Wright licked his lips, fidgeting with his cigarettes, and said, “What about your sister. Would she know?”
Sylvie flashed him a quick glance, all she could afford on the island road, and said, “It’s not a bad thought. I’ll drop you back at the office—”
“No,” he said. “Stick to you like glue, remember? I’ve been in your apartment; why not your sister’s house? Don’t leave me behind this time.”
Sylvie turned to look at him, suddenly unsure. Was that Wright sitting beside her, worried about his skin, his case, his ghostly passenger, or was it Demalion, referring to her habit of cutting him out of the action? If she’d only been able to that final night.

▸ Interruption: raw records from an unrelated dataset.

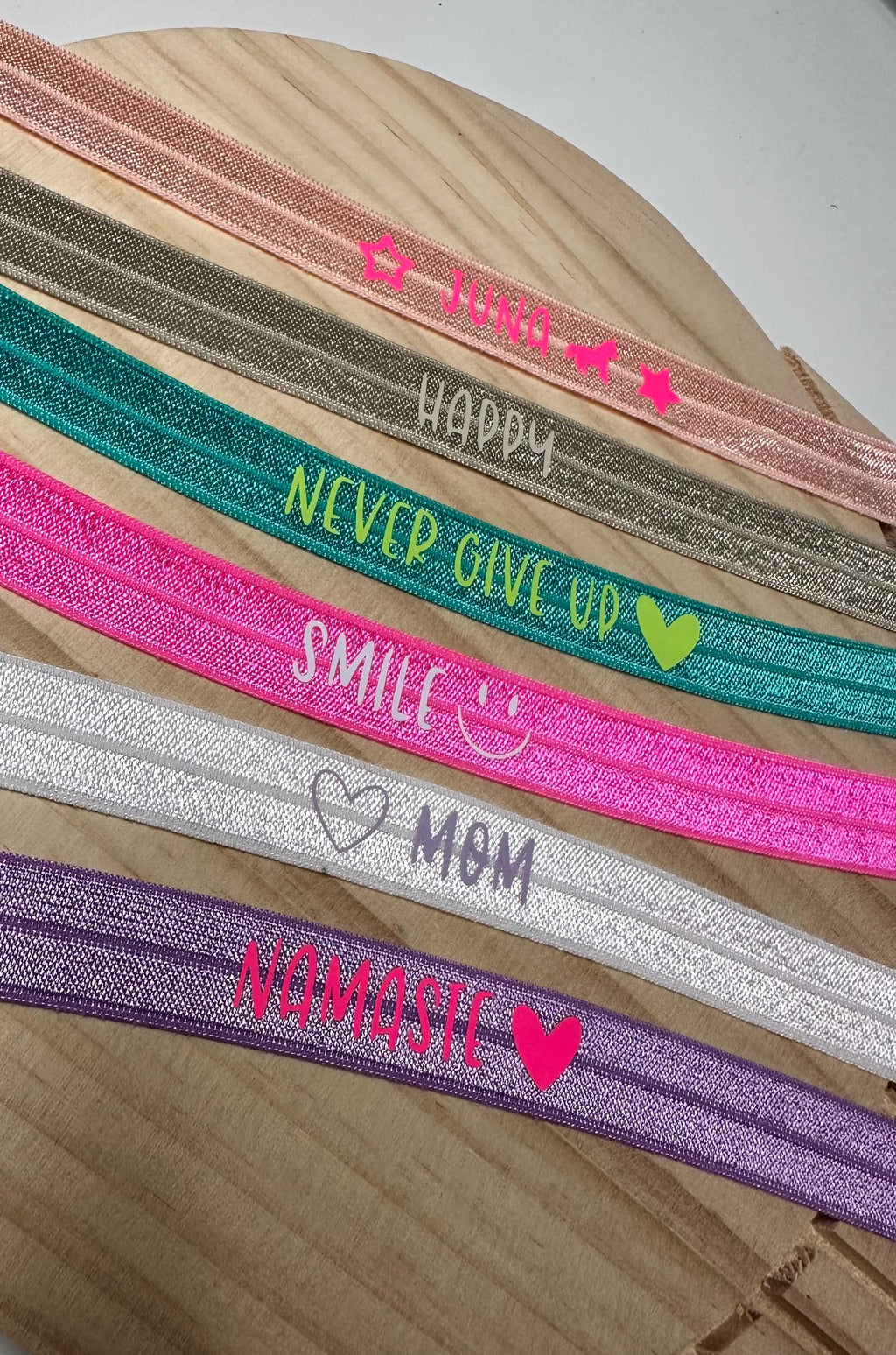 Personalisierte Armbänder | Armband mit Wunschtext | Freundschaftsarmband | Geschenkidee | Festival | JGA | Urlaubsarmband | Teamevent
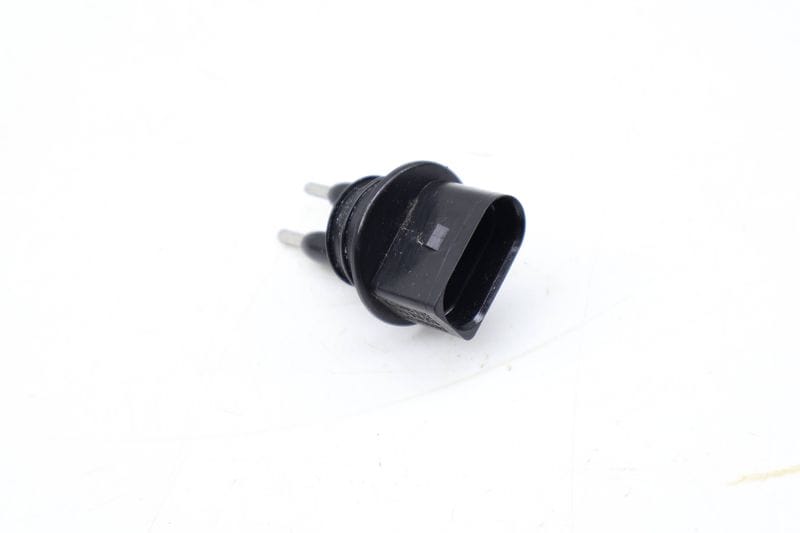 Windshield Washer Fluid Level Sensor 7M0919376 — Used (SKU 676530)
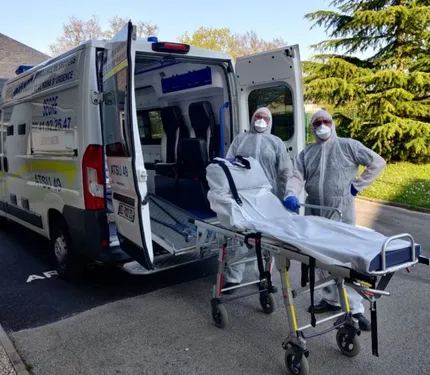 À Laval et Segré, les ambulanciers sont mobilisés contre le...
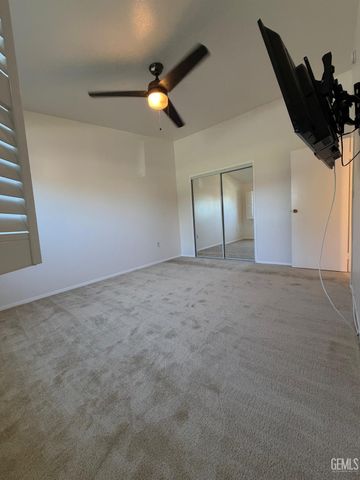 5616 Sundale Avenue, Bakersfield, CA 93309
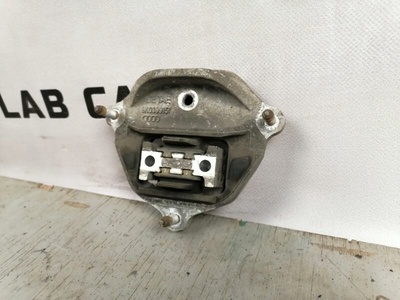 8K0399151 опора кпп Audi a4 b8 2009
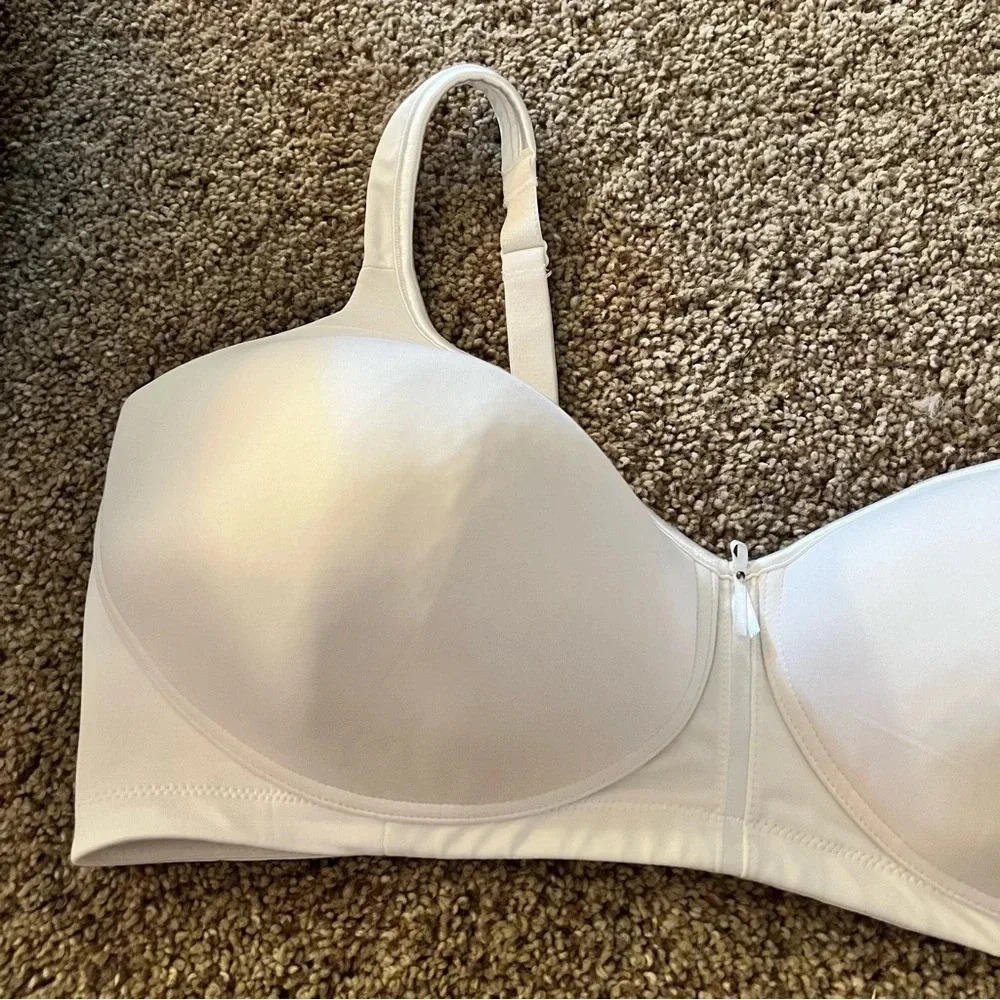 Vanity Fair Body Caress Wireless Bra 40DD 40E 72335 White Light Lined Wire Free - Picture 4 of 10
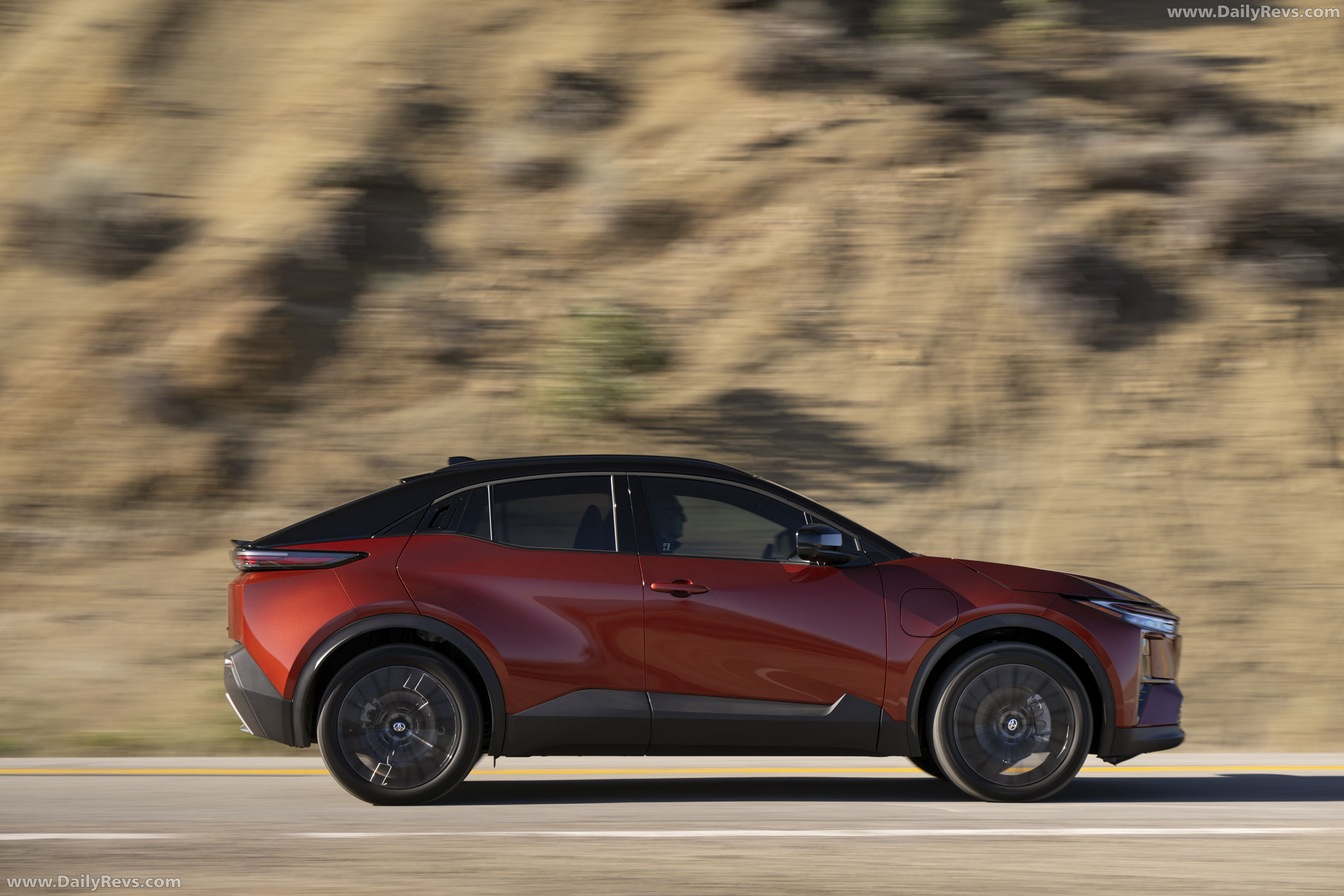 2026 Toyota C-HR XSE Side View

“Road!” Wright snapped, and she jerked the wheel, and thought, Wright. Definitely Wright. Demalion, even startled, would never have that nasal howl of a startled Chicagoan.
“Jeezus,” he muttered. “Just ’cause I came back once doesn’t mean I want to tease Death again.”
Sylvie leaned her head back, rolling it against the headrest, trying to rub out tension that started in her bones. Some days were gracious things, allowed her to believe in a fresh start, a slate wiped clean by good intentions. Other days . . . all they did was rub her face in mistakes she’d made.
Wright clicked on her radio, thumbing the tuner ruthlessly, until he found something to his taste—country rock—humming along tunelessly under his breath, tapping out mismatched beats on her dash.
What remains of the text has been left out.